Records from a collection
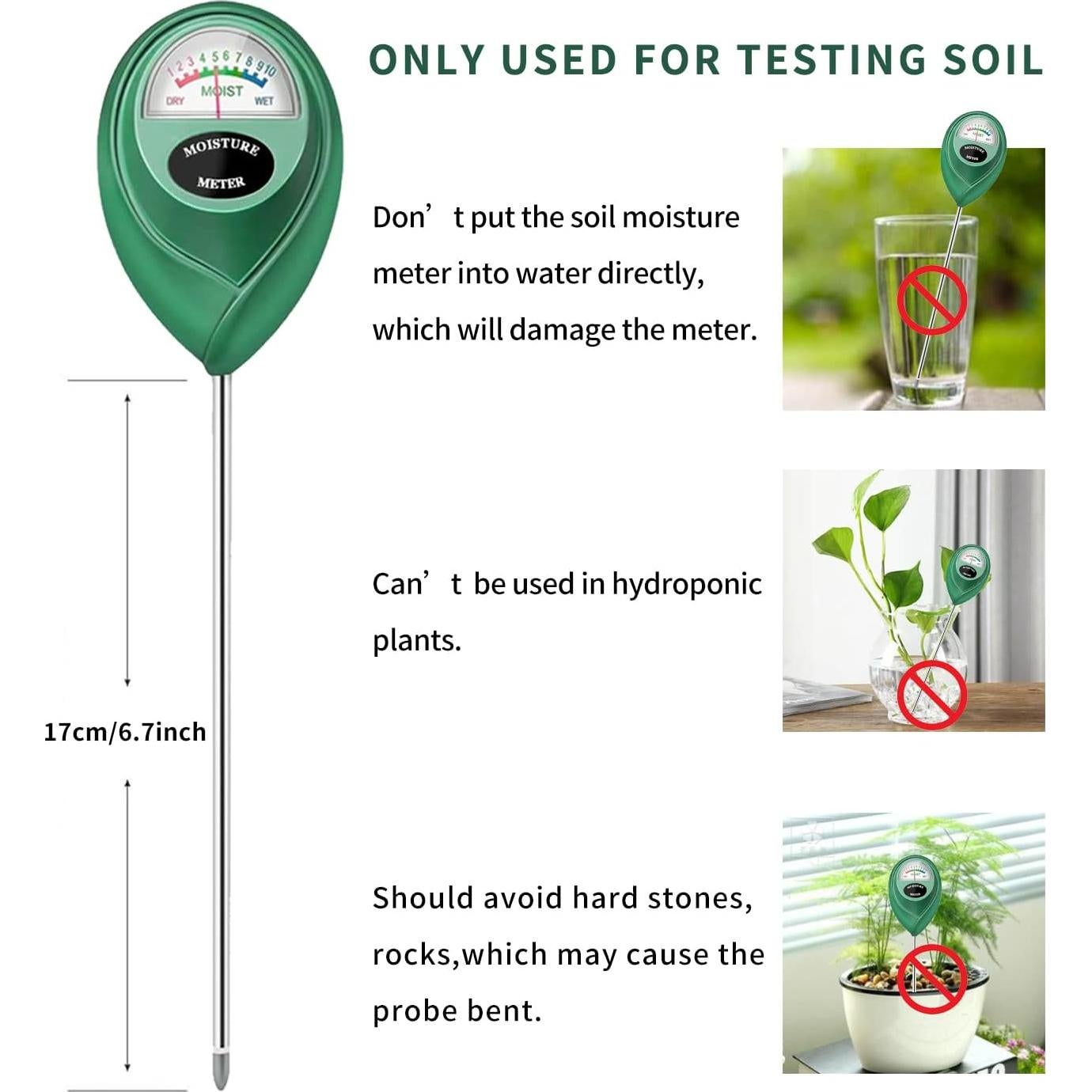Medidor de Humedad del Suelo Censinda Verde, Sin Batería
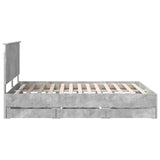 Bed Frame with Drawer Concrete Grey 150 x 200 cm Engineer Wood 3411106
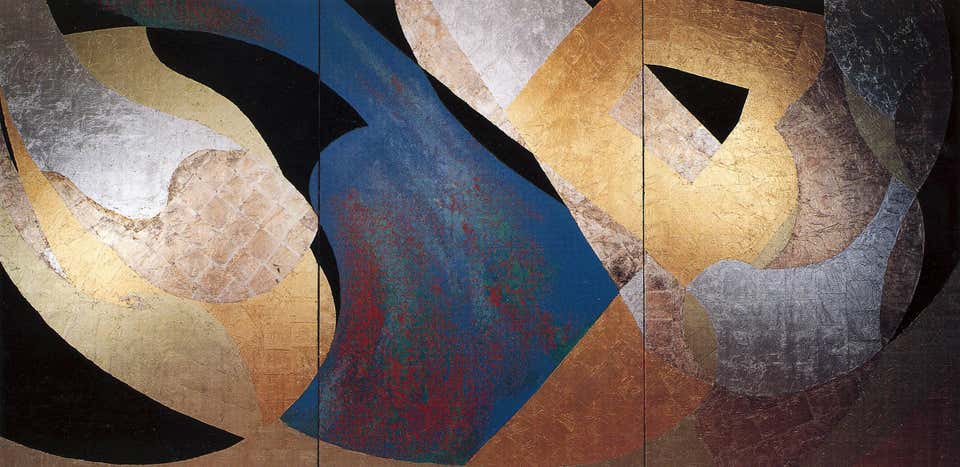 Amithaba, Kenji Yoshida, nihonga paintings, gold silver copper leaf Japanese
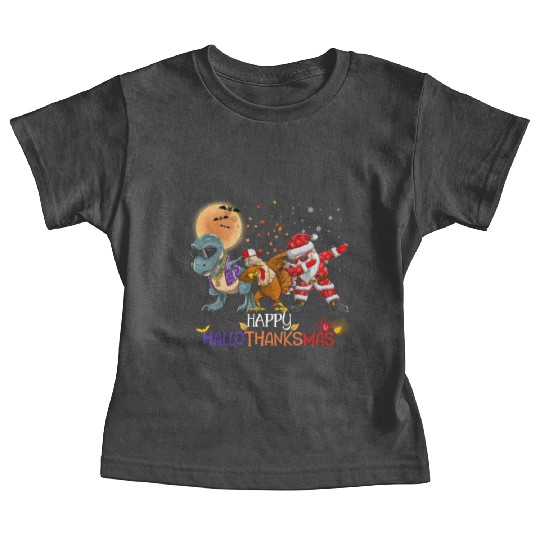 Dabbing Dinosaur Turkey Santa Claus Hallothanksmas Baby Tees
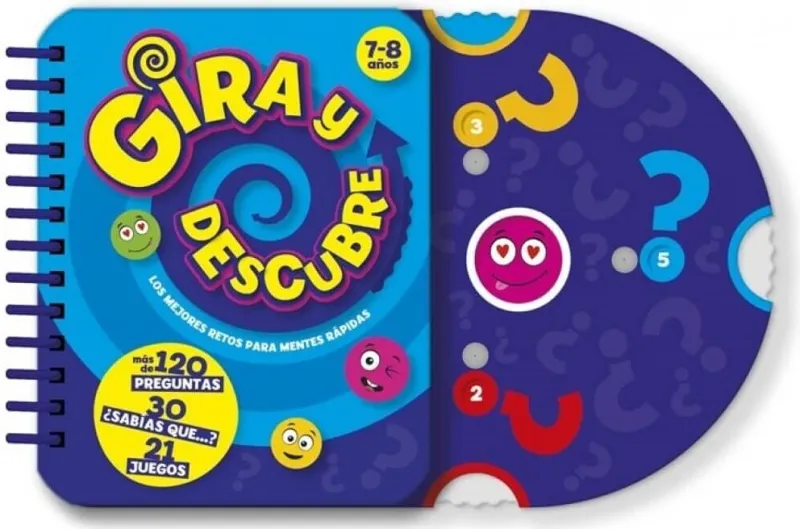 Magnifico Libro-Juego para Divertirse y Aprender con Preguntas y Datos Curiosos. Contiene Juegos e Información y Numerosas Curiosidades para Aprender . Edad- 7 A 8 Años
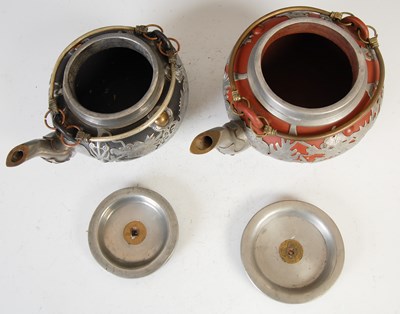 Lot 685 - A Chinese Yixing pewter mounted five-piece tea and coffee set, HOR CHUNG, WEI HAI-WEI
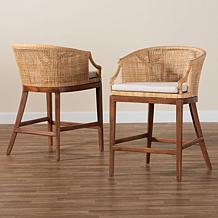 Lumajang Counter Stool with Natural Rattan Frame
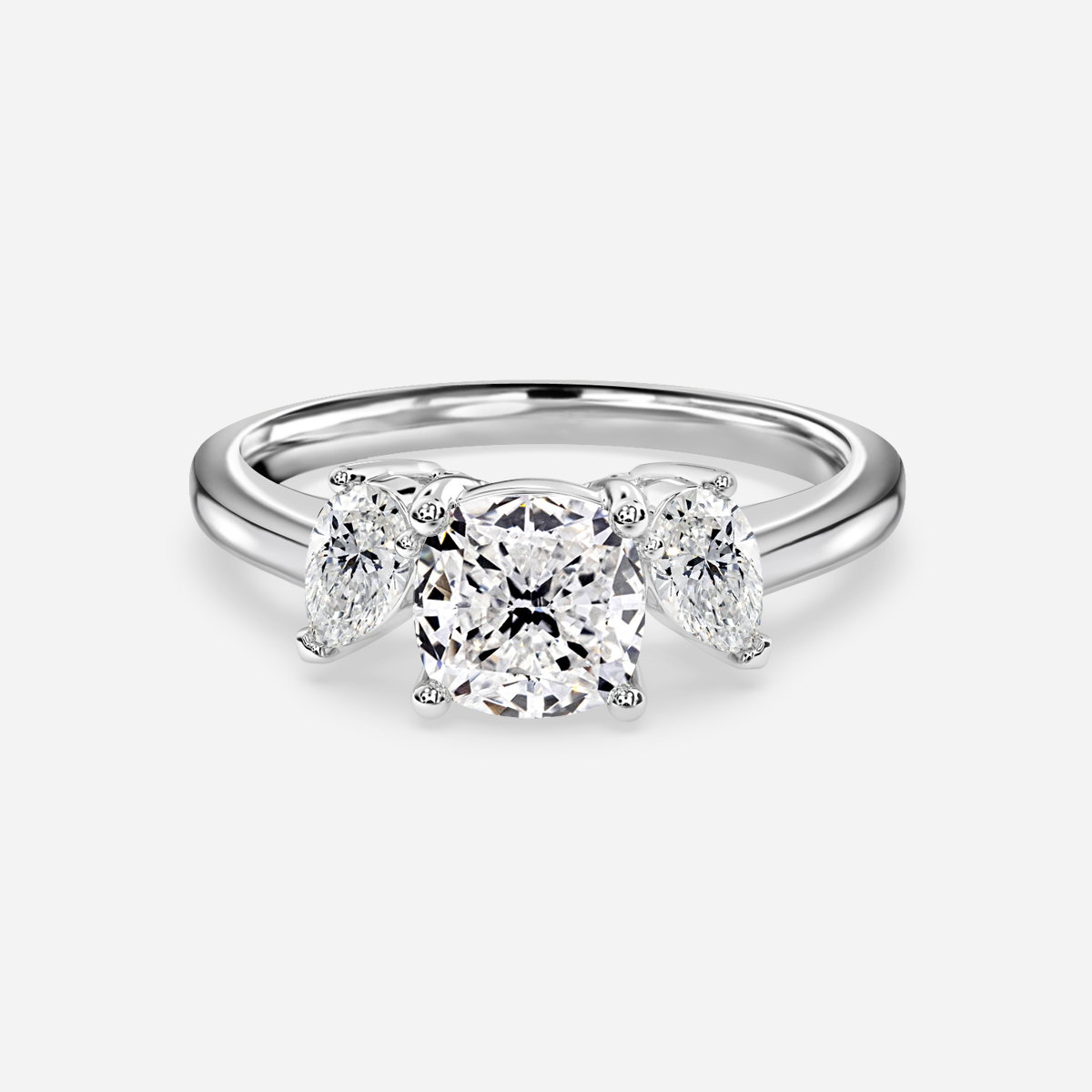 Cushion Three Stone Engagement Ring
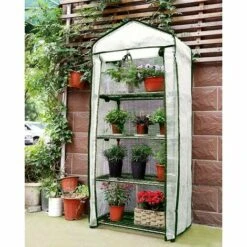 BEARSU Tente De Balcon Avec Bâche Amovible, Serre Pour Tomates, 69 X 49 X 158 Cm Blanc Et Vert -France Serre de jardin Soldes 2022 42802389 3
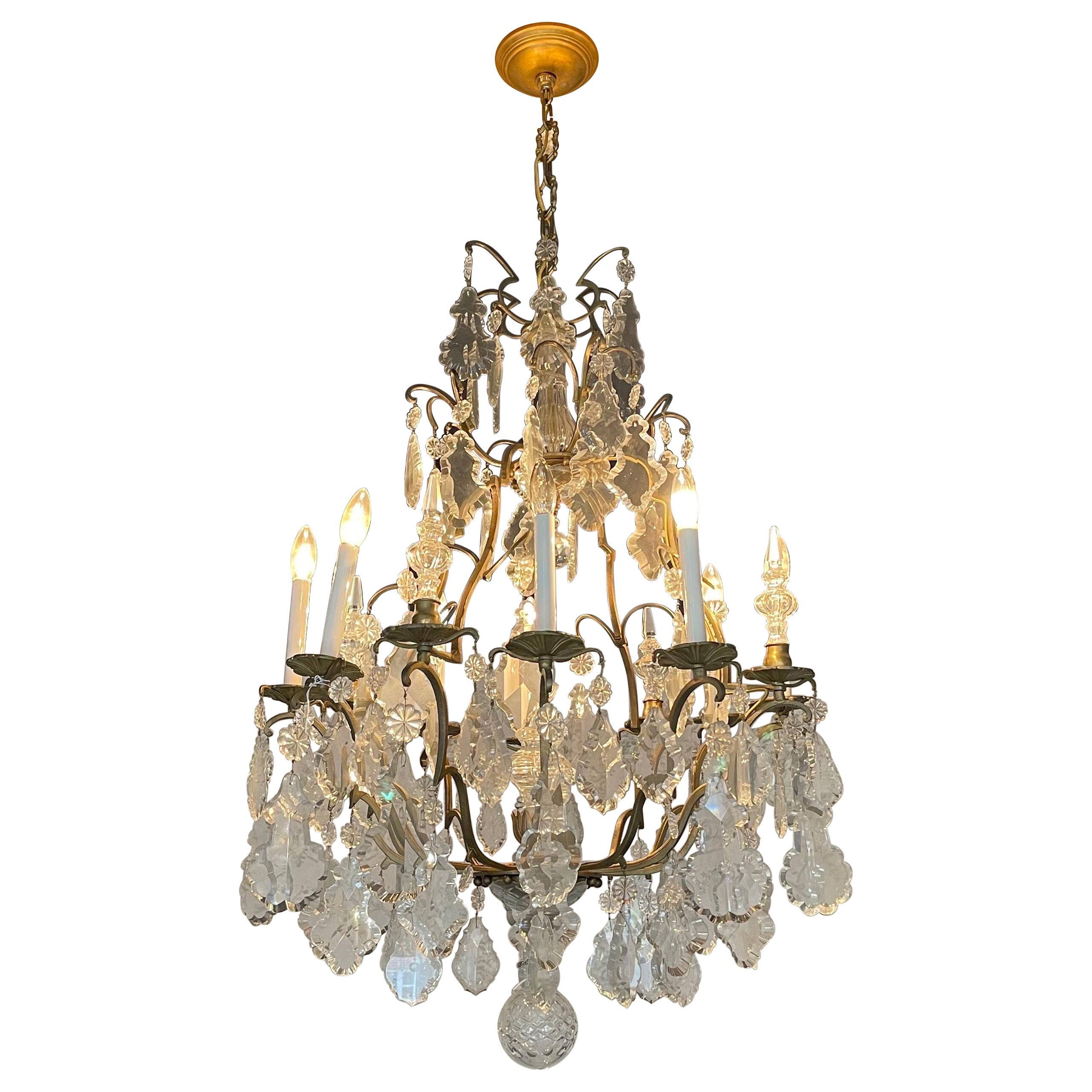 Wonderful Large French Bronze & Crystal Louis XV Bird Cage Spike Chandelier For Sale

(Task to carry out): When you find the line that contains "Cushion Three Stone Engagement Ring", retype it and every line after it through the end of the data above, exactly, with no pictures.

(Response area):
 Cushion Three Stone Engagement Ring
 BEARSU Tente De Balcon Avec Bâche Amovible, Serre Pour Tomates, 69 X 49 X 158 Cm Blanc Et Vert -France Serre de jardin Soldes 2022 42802389 3
 Wonderful Large French Bronze & Crystal Louis XV Bird Cage Spike Chandelier For Sale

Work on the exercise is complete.